The individuals or organizations selected to represent the population.

Sample design

The procedures used in selecting the sample. These procedures can be as simple as randomly selecting a certain percentage of the cases. However, more complex designs are frequently used in order to obtain reliable information about a particular group(s) of interest and/or to minimize the cost of obtaining the information desired.

Sample frame

Those individuals or organizations from which one selects the actual sample for the survey. Ideally, the sample frame is the same as the target population. In reality, however, there are often differences.

Scope of survey

The population to which the researcher plans to generalize his or her results. The scope of the survey may be limited by both theoretical and practical considerations. For example, while it may be of theoretical interest to obtain information on the characteristics of institutionalized individuals, practical difficulties often lead researchers to declare such individuals out-of-scope for a survey. Out-of-scope cases may be eliminated at the time of sample frame construction or during data collection or data processing.

Standard error

This is a commonly used measure of how precisely one can estimate a population value from a given sample. For large sample surveys, a reasonable interpretation of the standard error is that approximately 68 percent of the time the sample estimate will be within one standard error of the population value. For example, if one estimates that the mean income for individuals within a specified group is $30,000 with a standard error of $5,000, one would be right 68 percent of the time in assuming that the true (or population) mean income for the group is between $25,000 and $35,000.

Subsample

A sample selected from a sample frame that is itself a sample of a larger population.
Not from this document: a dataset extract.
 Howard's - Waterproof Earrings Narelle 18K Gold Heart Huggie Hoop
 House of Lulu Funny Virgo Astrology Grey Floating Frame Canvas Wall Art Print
Often the original sample is used to identify individuals or organizations of interest or is used to sort units into groups to be sampled at different rates.

Stratification

A sampling technique in which sampling is done separately for separate parts of the population. Stratification is often used to ensure that one has an adequate number of sampling units with relatively rare characteristics (e.g., stratification may be done on race/ethnic status if one wishes to make comparisons among racial/ethnic groups).

Target population

Those individuals or organizations about whom one wishes to make inferences on the basis of the survey results.

Two-stage sample

A sample selected in two steps. In one common type of two-stage sample, the first stage consists of a sample of organizations of interest and the second stage consists of individuals within organizations.

Unit nonresponse

The failure of an individual or organization to respond to the survey. When unit nonresponse is high and respondents and nonrespondents differ substantially, unit nonresponse can be a serious threat to the accuracy of a survey. There are statistical techniques that can be used to reduce the impact of this problem, but all rest on assumptions about the characteristics of missing units that are difficult to evaluate without expensive additional data collection.